▸ **Data entries**:
--------------------

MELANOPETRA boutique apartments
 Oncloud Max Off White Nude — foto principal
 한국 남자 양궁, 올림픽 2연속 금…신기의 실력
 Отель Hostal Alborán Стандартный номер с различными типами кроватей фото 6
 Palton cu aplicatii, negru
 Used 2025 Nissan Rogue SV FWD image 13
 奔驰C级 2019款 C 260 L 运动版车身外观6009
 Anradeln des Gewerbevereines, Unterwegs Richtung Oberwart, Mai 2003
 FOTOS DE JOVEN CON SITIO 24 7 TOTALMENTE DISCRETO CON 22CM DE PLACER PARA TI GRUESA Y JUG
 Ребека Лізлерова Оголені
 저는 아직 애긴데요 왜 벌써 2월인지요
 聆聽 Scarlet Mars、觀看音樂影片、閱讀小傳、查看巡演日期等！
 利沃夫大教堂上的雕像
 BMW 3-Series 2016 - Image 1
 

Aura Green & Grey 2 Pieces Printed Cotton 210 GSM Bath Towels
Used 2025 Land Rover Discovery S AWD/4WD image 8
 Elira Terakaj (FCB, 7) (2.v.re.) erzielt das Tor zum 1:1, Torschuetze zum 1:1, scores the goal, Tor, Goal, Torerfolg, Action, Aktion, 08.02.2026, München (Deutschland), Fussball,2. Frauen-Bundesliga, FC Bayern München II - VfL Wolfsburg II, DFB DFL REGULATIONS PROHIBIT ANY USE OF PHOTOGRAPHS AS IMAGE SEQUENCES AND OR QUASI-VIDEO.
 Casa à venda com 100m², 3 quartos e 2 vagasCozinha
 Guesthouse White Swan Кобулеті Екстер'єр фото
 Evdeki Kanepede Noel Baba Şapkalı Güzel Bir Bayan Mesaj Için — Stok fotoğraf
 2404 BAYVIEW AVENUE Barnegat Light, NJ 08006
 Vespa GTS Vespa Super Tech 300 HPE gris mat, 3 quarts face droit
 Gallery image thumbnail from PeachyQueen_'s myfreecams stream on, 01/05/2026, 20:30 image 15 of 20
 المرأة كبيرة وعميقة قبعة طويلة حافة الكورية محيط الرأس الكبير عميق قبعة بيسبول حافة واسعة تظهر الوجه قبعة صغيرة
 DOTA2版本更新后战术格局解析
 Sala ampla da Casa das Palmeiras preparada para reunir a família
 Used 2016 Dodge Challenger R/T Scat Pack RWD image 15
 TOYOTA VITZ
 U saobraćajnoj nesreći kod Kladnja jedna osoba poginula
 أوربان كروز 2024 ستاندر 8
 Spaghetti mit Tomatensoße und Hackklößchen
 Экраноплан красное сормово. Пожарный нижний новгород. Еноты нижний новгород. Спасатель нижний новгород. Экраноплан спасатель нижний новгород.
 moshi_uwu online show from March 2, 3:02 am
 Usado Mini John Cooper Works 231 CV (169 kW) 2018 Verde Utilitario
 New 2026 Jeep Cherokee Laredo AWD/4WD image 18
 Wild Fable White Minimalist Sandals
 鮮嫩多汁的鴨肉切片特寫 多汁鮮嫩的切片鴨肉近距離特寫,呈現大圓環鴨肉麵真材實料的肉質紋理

--------------------

▸ **What the exercise asks**:
Nothing but a number should be given: the count of lines above that include the string "White".

▸ **Result for this exercise**:
3